Lawrence and Alice Weiner have lived in New York City for nearly half a century, but it wasn’t until 1990 that they bought their first house. Over the years, Lawrence, one of the godfathers of 20th-century conceptual art and widely known for his minimalist experiments with language, needed a bigger place to work—–and more room for his ever-expanding archive. Twenty years after moving in, with a renovation wrapped up in 2009, the Weiners’ three-story house in the West Village is sublimely industrial. In the interest of collaboration, Alice and Lawrence talk us through their new home.
Even with the reused truck bodies creating large windows in the facade, the house still cuts a trim figure on the street. The rooftop garden is hidden from the sidewalk.

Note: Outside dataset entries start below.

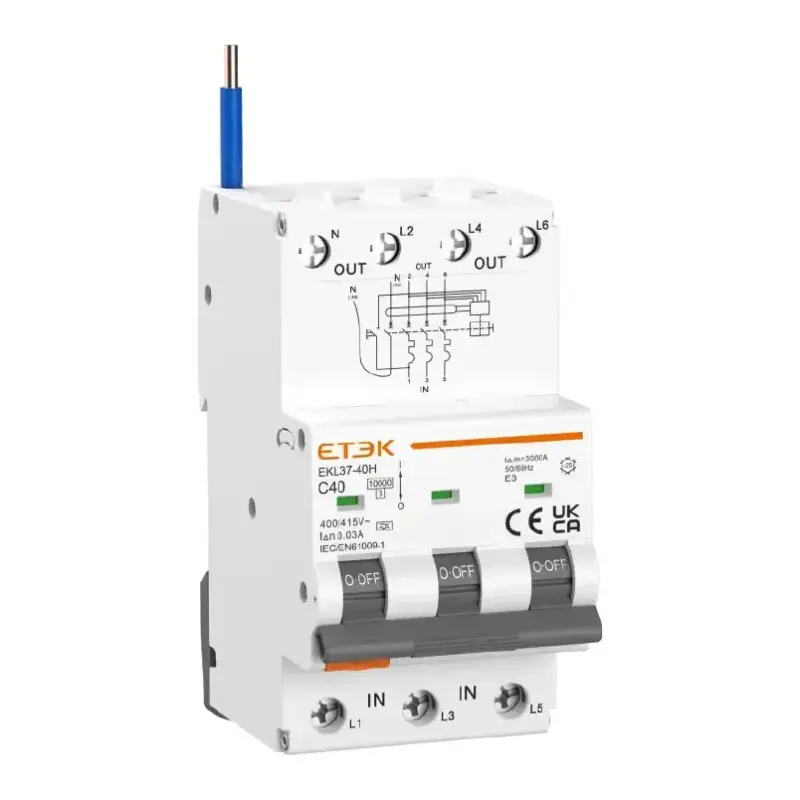 ekl37-40h-rcbo-1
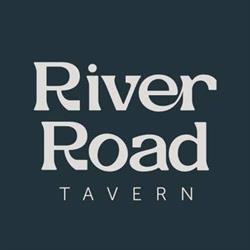 River Road Tavern
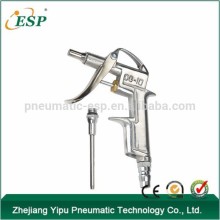 air blow gun manufacturers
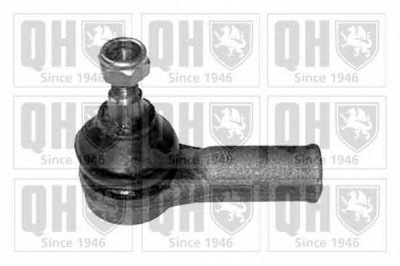 QUINTON HAZELL qr1542s -  Наконечник поперечной рулевой тяги
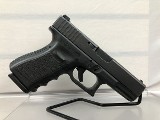 GLOCK 23 GEN3 .40 S&W - Image 6 of 10
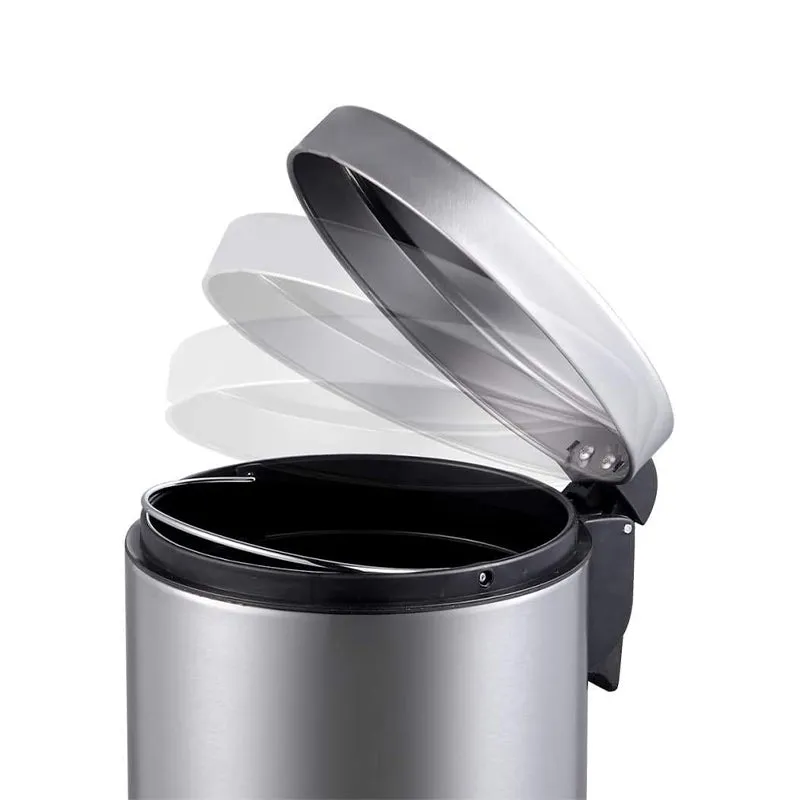 Eko Serene Step Can 30L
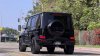 Thumbnail #1 for rental car Mercedes-Benz G63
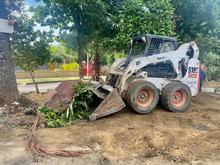 &lsquo;Cali, te quiero limpia&rsquo;, la estrategia que busca recuperar espacios impactados por residuos s&oacute;lidos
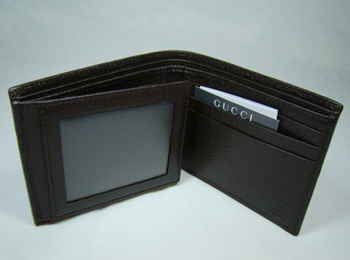 146235 GUCCI�¿���ɫ����ϵ�� �r����ʿ�X�A GUCCI��������L���X��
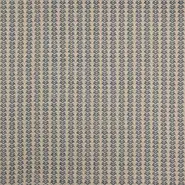 Birch Stripe (F4752-02)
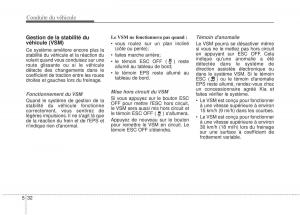 Kia-Optima-III-3-manuel-du-proprietaire page 327 min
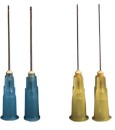 Henry-Schein-Endo-Irrigation-Needle-100pk Sale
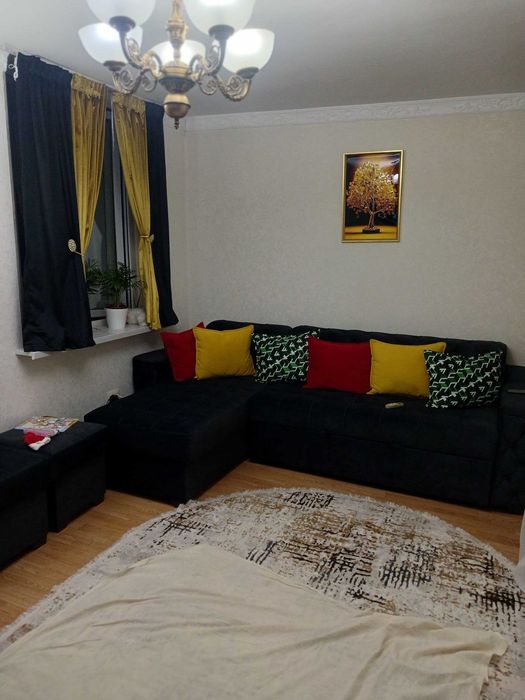 аренда метро хамза 1/3/4 350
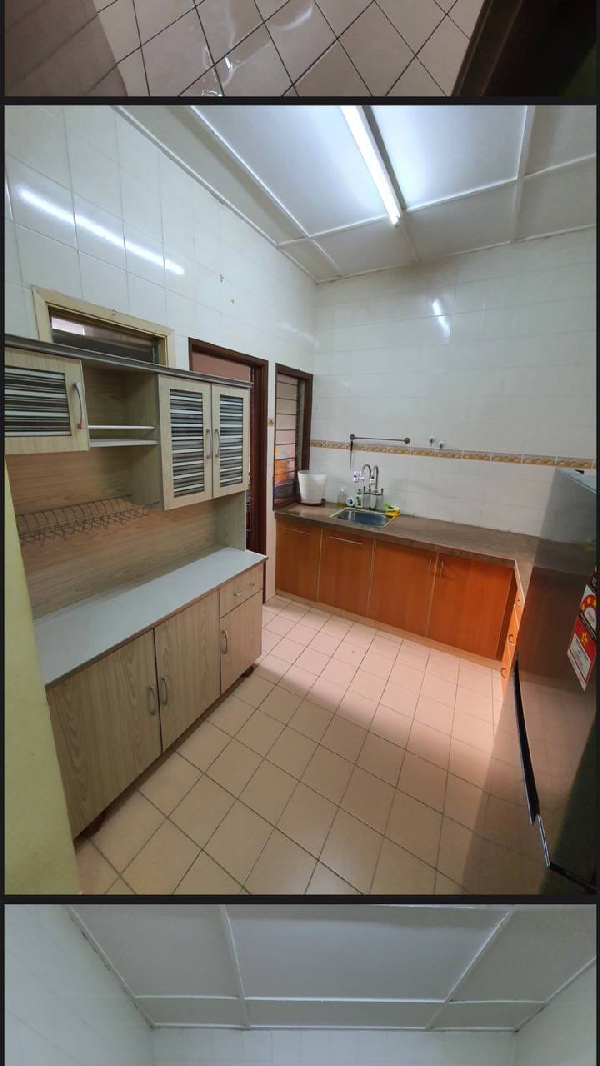 FLAT KELOMPOK TEMPUA A - photo 6
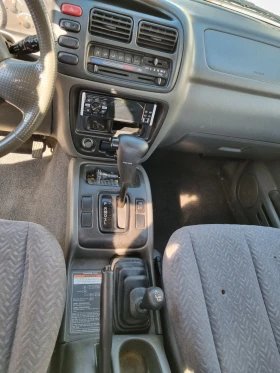 Suzuki Vitara | Mobile.bg    2
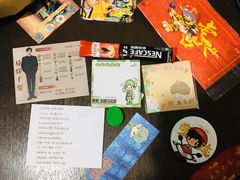 -璇宫国际影城(江汉路店)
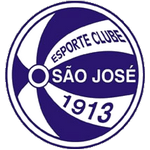  Sao Jose-PA M-20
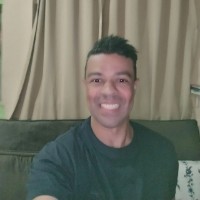 Romulo Araujo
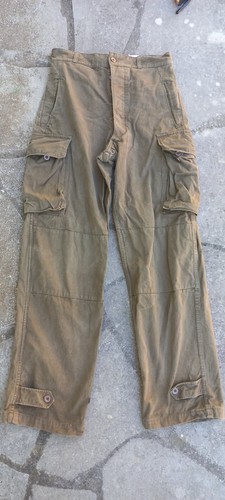 Pantalon tta mle - mle,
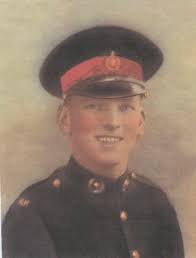 Would anyone have any photos from Deal, probably between 1946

Alice: We’ve always lived in New York - Lawrence in the East Village since the early 1960s. But after we were evicted in 1988, with a note left on our door at seven o’clock in the morning, I spent about eight months riding my bike around the city, looking at buildings. Lawrence would only move to the West Village, he said, and I wanted a backyard. One day I biked past a former bakery and laundromat, and it had aluminum siding. I said I would never set foot in a building like that! But our real estate agents tricked me, basically, and got me to go inside. When I went downstairs, I saw that the entire basement wall was a mirror - and Lawrence loves to work with mirrors. I thought: Maybe this isn’t so bad. So we bought it and moved in. Then two things happened: First, Mayor Giuliani changed the building codes to allow for another story, and, second, our neighbor started to build up. We didn’t want to be overshadowed - literally: Someday we knew we wanted solar panels - so we started thinking about a renovation.

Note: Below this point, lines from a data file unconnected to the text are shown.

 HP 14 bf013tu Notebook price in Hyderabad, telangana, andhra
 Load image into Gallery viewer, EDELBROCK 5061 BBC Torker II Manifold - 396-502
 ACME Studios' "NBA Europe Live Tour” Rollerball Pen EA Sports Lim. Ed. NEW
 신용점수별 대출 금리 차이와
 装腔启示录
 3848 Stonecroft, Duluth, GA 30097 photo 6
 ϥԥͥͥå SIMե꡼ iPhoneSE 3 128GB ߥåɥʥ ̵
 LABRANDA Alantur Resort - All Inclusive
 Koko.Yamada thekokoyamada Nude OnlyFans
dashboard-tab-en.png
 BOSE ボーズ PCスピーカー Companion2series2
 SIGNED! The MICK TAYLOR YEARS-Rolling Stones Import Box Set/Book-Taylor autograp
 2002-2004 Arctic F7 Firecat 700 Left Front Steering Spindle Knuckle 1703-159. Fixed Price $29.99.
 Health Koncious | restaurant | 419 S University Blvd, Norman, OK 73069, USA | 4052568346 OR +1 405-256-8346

Lawrence: That was 2005. I met Ada [Tolla] and Giuseppe [Lignano, LOT-EK’s principals] that year at a show I was doing in Finland.

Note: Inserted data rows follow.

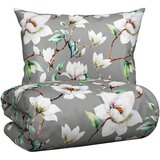 ecoTree Posteljnina Bio-Sophia Design | Shoptok.si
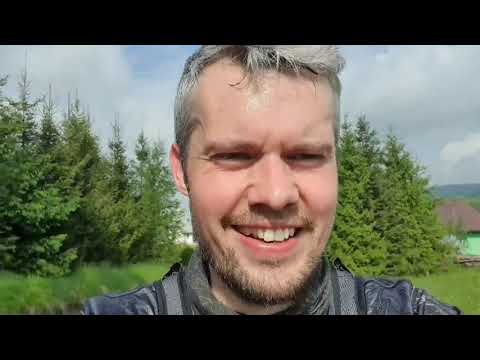 Relacja Ultra Perła 2019 Wapienne 50km - moje pierwsze ultra #207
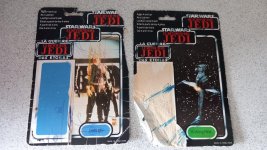 20240721_133858.jpg 20240721_133858.jpg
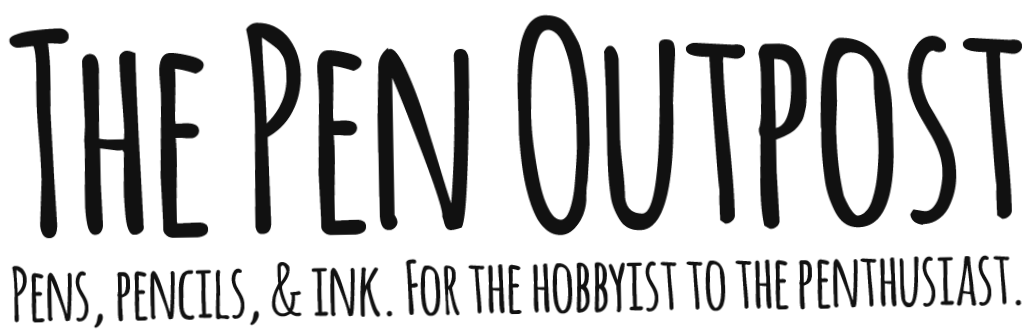 The Pen Outpost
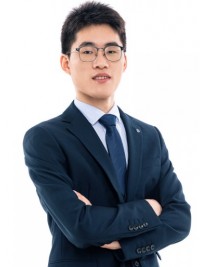 建设工程开工日期的认定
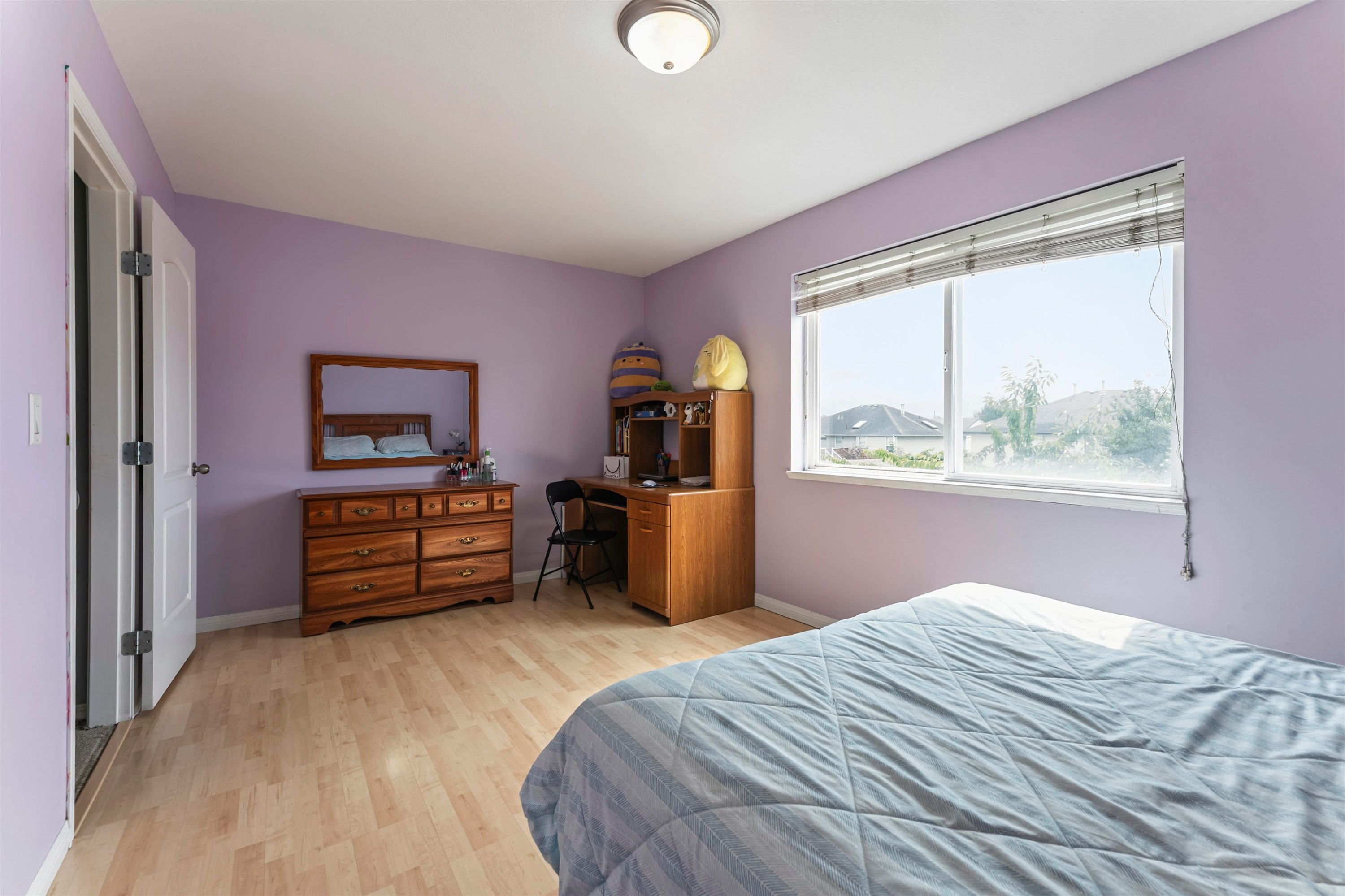 34636 7Th Avenue, Abbotsford, BC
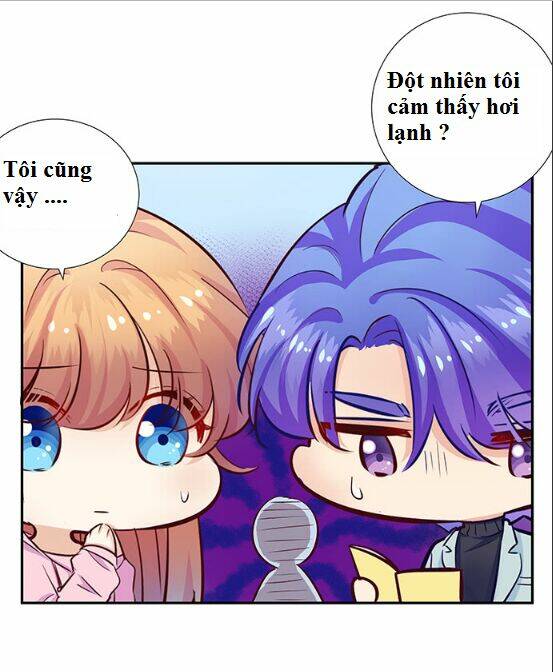 Trọng Sinh Để Ngủ Với Ảnh Đế: Chapter 147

Alice: And he liked them, and he liked their work. Ada and Giuseppe also lived right here in the neighborhood, so we thought that they could break through the nicey-nicey aspect of the West Village. But we don’t come from people who hire architects! That wasn’t in our background. We started off looking by word of mouth, and we looked for quite a while. We made it clear right away that we wanted a green renovation. Initially, we had architects coming through offering environmentally friendly paints and things like that - but that just felt like stuff for rich people who don’t want their children to get sick. We wanted something more.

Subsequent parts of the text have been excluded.